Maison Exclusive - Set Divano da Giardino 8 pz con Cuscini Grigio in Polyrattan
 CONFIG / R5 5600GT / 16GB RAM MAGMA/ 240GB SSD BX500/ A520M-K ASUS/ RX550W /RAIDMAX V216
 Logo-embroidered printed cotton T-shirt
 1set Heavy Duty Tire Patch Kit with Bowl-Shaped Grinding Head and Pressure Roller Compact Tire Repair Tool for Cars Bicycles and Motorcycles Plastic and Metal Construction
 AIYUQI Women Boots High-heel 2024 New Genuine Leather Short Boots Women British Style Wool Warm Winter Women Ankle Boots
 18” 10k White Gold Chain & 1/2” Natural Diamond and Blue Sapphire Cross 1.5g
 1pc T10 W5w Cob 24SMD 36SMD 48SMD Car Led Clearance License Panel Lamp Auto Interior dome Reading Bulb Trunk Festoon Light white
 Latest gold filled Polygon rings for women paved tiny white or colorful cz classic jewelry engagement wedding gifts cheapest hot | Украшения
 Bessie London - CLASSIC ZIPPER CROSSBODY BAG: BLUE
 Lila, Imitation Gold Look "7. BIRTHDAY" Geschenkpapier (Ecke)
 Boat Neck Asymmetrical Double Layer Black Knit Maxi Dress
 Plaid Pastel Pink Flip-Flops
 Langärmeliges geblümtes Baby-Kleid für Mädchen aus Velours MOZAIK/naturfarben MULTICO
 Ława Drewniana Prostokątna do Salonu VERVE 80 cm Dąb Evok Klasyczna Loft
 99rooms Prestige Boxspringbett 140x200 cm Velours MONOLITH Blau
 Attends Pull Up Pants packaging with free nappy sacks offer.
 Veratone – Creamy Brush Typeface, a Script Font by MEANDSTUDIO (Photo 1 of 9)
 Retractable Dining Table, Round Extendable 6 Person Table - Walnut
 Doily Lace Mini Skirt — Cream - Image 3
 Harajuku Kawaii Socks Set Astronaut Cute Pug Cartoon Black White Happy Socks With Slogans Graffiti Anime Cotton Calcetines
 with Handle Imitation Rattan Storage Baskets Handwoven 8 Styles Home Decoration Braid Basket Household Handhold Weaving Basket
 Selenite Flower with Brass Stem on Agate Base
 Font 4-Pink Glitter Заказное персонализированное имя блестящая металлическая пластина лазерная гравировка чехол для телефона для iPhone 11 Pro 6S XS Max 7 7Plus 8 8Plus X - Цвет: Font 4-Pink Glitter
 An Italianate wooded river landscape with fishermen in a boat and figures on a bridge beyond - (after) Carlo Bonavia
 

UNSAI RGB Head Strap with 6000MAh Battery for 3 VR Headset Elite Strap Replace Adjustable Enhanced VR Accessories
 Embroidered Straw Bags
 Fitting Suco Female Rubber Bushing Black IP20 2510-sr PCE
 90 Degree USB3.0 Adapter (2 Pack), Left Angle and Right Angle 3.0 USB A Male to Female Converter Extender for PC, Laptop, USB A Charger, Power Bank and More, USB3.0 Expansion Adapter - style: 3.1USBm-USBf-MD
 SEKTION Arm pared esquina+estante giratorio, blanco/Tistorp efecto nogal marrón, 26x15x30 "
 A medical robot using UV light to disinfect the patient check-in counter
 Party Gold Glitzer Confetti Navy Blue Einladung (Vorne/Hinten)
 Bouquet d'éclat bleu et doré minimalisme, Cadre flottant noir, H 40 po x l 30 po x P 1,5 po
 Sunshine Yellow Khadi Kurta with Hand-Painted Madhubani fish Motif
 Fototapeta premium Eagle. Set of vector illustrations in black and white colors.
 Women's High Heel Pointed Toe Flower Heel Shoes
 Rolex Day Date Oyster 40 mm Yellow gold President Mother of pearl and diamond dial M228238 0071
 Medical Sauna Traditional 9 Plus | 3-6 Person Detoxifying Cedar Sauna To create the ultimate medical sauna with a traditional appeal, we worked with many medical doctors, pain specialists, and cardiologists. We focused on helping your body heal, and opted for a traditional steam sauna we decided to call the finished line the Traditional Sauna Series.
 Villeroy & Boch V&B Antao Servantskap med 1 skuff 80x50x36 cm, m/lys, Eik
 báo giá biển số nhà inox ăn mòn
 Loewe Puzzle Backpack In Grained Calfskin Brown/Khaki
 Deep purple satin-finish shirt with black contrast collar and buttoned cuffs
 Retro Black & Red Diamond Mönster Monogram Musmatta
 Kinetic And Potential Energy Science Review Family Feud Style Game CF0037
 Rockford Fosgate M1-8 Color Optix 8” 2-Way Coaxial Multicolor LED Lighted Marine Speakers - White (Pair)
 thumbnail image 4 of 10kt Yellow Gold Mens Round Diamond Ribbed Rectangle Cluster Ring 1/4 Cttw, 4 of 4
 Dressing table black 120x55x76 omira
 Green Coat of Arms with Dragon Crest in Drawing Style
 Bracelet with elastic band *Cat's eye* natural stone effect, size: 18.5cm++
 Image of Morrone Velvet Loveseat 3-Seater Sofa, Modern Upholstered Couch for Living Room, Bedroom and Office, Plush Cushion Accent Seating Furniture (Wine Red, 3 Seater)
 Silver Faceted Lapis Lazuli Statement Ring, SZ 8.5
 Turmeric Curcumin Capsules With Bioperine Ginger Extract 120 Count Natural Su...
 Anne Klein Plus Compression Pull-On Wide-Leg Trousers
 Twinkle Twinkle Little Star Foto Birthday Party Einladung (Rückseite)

========

» **EXERCISE PROMPT**
Report every line in the data above in which the word "High" appears.

» **EXERCISE RESPONSE**
 AIYUQI Women Boots High-heel 2024 New Genuine Leather Short Boots Women British Style Wool Warm Winter Women Ankle Boots
 Women's High Heel Pointed Toe Flower Heel Shoes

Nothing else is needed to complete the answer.